Refers to artistic and communicative mediums that produce information in a primarily, but not exclusively, visual form. The technological developments of the twenty-first century have produced a proliferation of visual media that have in turn produced a proliferation of new types of images. These profound transformations in visual culture have unsettled notions of medium-specificity and blurred boundaries between information, communication and art.
Walking is a practice of everyday life that has been the subject of much theorising and works of art. One of the most well know walking figures in Western culture is the flâneur, most notably portrayed by Charles Baudelaire in “The Painter of Modern Life” and other works. The practice of walking is of course not limited to any singular trope, and the flâneur and his other wandering counterparts have been revisited in a myriad of ways. For Gaston Bachelard, walking is a poetic act that allows for communion with the elements and creative expression. Michel de Certeau in turn writes about walking in urban settings, where space is subject to calculation and planning. For Walter Benjamin, who builds off of Baudelaire’s work, the wandering persona has a special relationship to crowds–while walking, one is neither quite an insider nor an outsider. Walking has both a material and affective energy that make it both a mundane and yet visceral practice to engage with.
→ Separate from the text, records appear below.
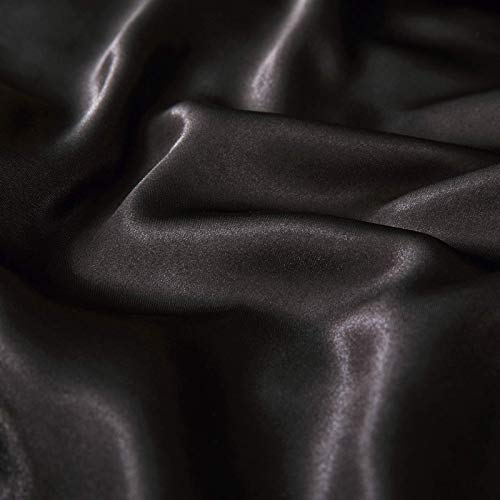P Pothuiny 5 Pieces Satin Duvet Cover King Size Set, Luxury Silky Like Black Duvet Cover Bedding Set With Zipper Closure, 1 Duvet Cover + 4 Pillow Cases (No Comforter) #TOP7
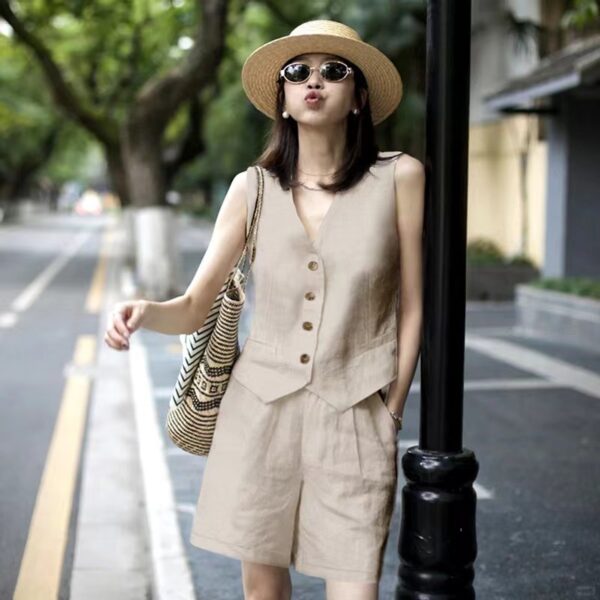 linen suit vest shorts set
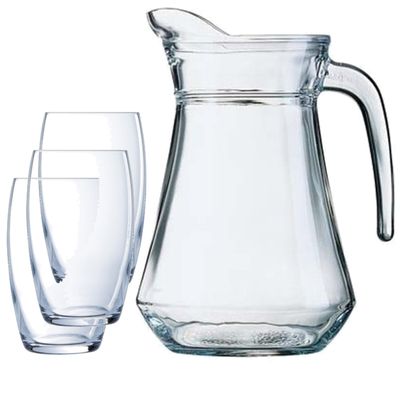Luminarc karaf schenkkan van glas 1300 ml met 6x stuks Versailles luxe waterglazen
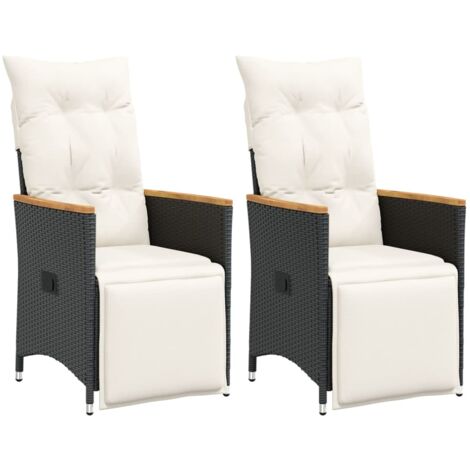 vidaXL Sedie Reclinabili da Giardino 2 pz con Cuscini Nero Polyrattan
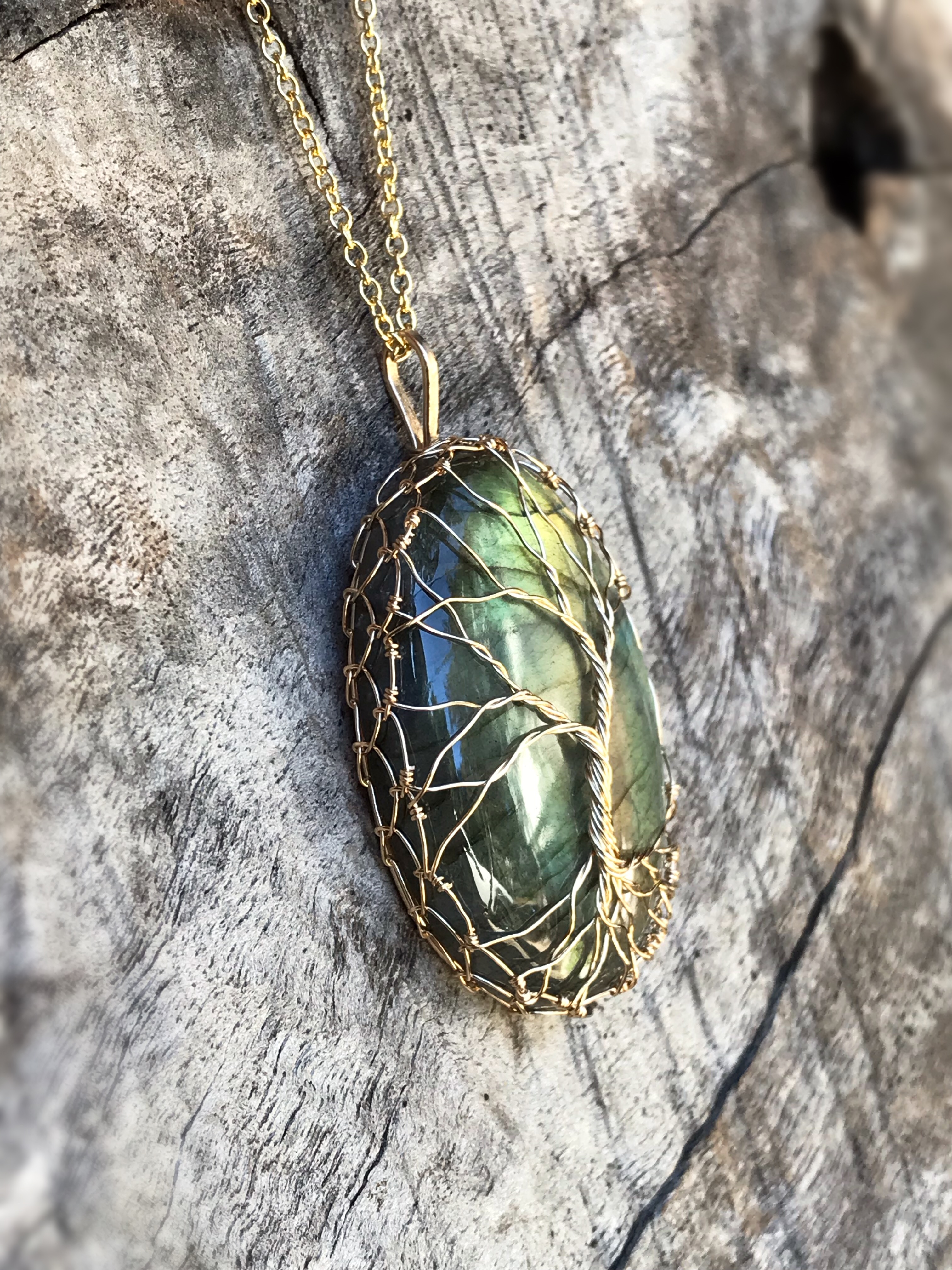 Tree Of Life Necklace - 14k Yellow Gold Filled - Oval Cut Labradorite - "Autumnal Glow" - Image 5
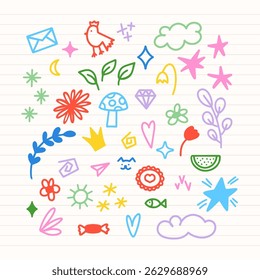 Abstractas colección de garabatos. Pequeños Elementos dibujados a mano. Conjunto de Ilustraciones vectoriales para carteles, publicaciones en redes sociales, ropa, pegatinas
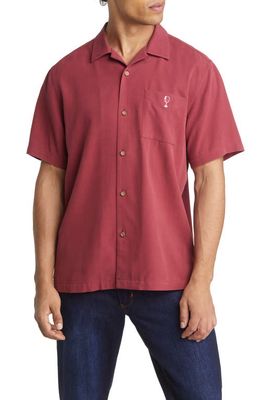 Tommy Bahama Grape Minds Drink Alike Short Sleeve Silk Button-Up Camp Shirt in Dark Cherry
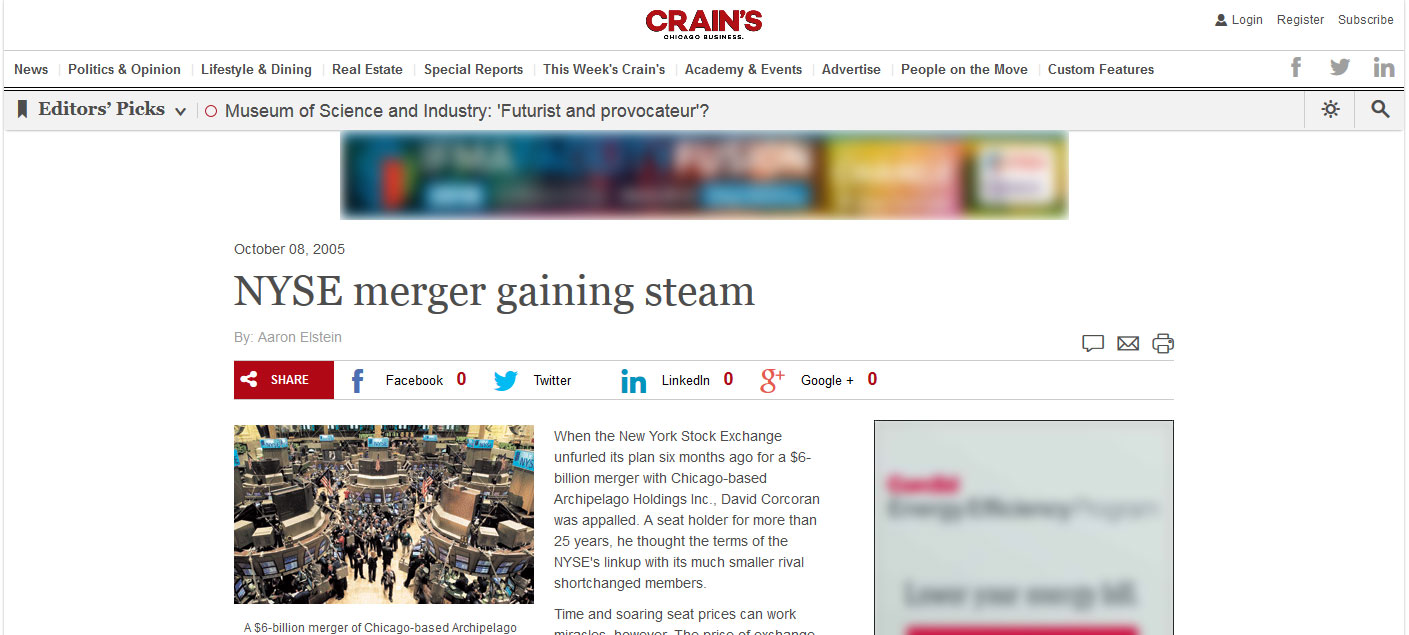 NYSE merger gaining steam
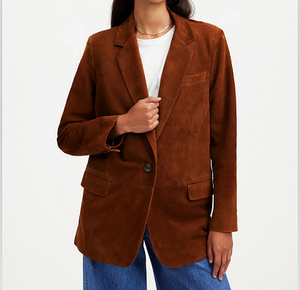 Blazer en daim surdimensionné à un bouton pour femme – Veste en cuir caramel vintage, vêtement d'extérieur décontracté et professionnel haut de gamme pour l'automne et l'hiver - Product Image 2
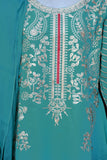 3 PCs Embroidered Cotton Pret Frock - Green Basil - 1099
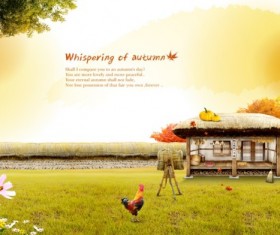 Autumn farm psd background art
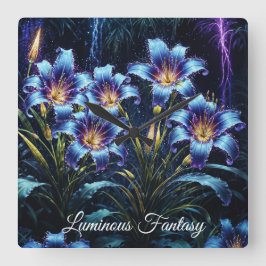 Reloj Cuadrado Luminosas lirios azules noche vibrante fantasía fl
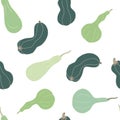 Vector seamless pattern with green squashes and gourds on white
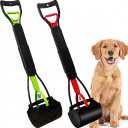 2-Piece of Pooper Scooper for Large Small Dogs Heavy Duty, Long Handle Poop Scoop for Yard, Grass, Gravel, Dog Poop Grabber with High Strength Material and Durable Spring (Red,Green)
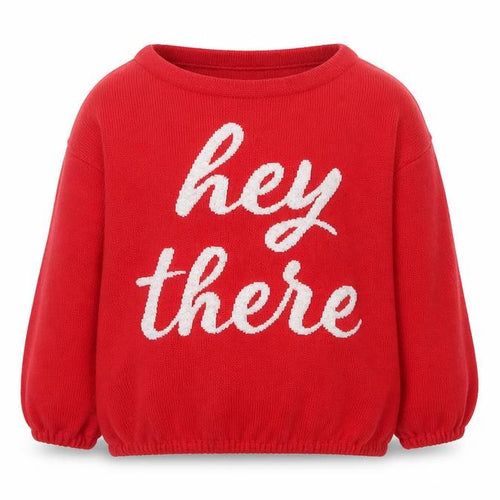 Benetton Girls Red Knit Pullover Jumper 1-2 Years Casual Wear
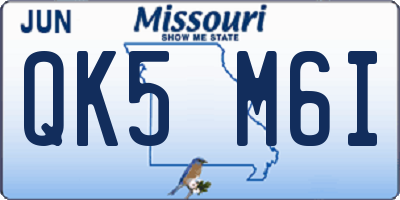 MO license plate QK5M6I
A term that draws attention to a type of intertextuality that exists between visual and textual forms, or more generally to the relationship between words and images, the seeable and the sayable. It troubles the neat division of signs into different “types”, along with their allocation as respective objects of study to separate disciplines. Much of W.J.T Mitchell’s work has been dedicated to the topic.
A zine is a kind of magazine that is self-published with low production values - often reproduced by a photocopier. It is a small-circulation publication that can be made through the combining of words and images.